The Awakenings Tour - Hush, Rainforest, Awakenings
Sleepy-sickness and the drug-induced awakenings from it, as observed in the book by Oliver Sacks, are at the heart of Awakenings, the new ballet for the Rambert Dance Company’s autumn tour. There was indeed a Hollywood film on this subject but the book has been the principal source.
A scene from Awakenings at the Lowry, Salford Photo: Martin Evening
Created by the very busy Aletta Collins, Awakenings was commissioned and energised by Daniel Katz, a Rambert sponsor. He and Tobias Picker, the American composer for the piece, were introduced to each other by Sacks. Both Katz and Picker had grown up with Tourette’s syndrome, its physical tics being similar to those of the Awakenings patients. Music gave the patients a tempo and some control.

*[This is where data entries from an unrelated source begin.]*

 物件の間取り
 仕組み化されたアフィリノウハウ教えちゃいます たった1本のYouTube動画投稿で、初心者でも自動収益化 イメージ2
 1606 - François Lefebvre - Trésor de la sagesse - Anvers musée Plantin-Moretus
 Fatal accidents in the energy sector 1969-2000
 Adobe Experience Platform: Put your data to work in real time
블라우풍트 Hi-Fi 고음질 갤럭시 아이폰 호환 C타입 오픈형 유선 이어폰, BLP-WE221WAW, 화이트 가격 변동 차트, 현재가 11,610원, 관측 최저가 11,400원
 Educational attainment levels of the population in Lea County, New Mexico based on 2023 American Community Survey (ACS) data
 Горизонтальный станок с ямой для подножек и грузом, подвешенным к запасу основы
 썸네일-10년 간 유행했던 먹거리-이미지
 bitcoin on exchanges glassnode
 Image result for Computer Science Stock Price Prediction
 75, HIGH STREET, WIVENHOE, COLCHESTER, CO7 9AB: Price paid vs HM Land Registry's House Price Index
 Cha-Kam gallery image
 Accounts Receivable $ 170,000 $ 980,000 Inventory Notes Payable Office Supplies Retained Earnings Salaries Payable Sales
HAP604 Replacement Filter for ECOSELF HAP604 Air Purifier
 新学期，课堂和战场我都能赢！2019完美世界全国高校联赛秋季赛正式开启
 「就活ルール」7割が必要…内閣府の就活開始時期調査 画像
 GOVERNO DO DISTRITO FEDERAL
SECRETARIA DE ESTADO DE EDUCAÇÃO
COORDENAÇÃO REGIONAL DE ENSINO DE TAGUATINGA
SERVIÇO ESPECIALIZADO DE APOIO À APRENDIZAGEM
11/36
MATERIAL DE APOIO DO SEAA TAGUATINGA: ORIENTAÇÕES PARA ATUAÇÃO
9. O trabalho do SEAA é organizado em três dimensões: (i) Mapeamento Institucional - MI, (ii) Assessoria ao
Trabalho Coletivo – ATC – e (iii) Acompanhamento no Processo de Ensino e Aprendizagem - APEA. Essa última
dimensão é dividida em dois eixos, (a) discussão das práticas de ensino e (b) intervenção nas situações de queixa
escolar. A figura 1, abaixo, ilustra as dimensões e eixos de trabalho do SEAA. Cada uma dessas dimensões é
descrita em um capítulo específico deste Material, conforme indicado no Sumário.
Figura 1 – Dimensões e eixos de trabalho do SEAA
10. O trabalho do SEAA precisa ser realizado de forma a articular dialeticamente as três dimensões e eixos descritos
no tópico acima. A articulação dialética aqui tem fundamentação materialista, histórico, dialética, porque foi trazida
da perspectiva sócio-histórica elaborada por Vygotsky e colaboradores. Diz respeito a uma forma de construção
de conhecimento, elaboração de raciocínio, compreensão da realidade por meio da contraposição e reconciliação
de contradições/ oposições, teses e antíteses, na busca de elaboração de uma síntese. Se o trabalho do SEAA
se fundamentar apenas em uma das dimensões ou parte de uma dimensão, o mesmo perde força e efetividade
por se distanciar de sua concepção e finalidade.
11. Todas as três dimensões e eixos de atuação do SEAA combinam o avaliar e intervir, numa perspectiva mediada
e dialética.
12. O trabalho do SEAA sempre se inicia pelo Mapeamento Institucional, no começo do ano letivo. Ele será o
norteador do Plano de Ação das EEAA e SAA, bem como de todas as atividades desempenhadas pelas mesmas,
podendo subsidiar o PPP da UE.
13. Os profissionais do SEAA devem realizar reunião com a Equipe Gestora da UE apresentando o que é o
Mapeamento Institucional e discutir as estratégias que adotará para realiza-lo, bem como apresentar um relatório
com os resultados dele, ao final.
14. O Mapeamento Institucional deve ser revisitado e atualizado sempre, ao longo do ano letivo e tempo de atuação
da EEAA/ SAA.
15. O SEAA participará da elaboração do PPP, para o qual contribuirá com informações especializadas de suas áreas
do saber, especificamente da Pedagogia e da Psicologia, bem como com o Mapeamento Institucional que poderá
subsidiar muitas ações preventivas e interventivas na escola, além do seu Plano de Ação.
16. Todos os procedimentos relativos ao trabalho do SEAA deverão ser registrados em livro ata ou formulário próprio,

Awakenings is an essay in damaged cognition. Eight patients each emerge from tragic stillness to a consciousness characterised by awkward tics and wild or overly slow movements. The awakenings have a suddenness which is not shocking but is chilling. The patients explore themselves and their own restricted space. Thoughts and feelings stir for the first time in decades, there are mutually supportive duets - and then the music stops and they stop. The triumph of the choreography is in showing how the patients run out of space. Not the way we see space, but their fundamentally different perception of it.
Picker’s score has soulful emotion mixed with strident, eerie phrases. Picker, incidentally, was once an accompanist for Martha Graham.
The premiere opened with Christopher Bruce’s constantly larky Hush and the abridged version of the primeval Cunningham piece Rain Forest. Hush is an ideal mixed programme opener.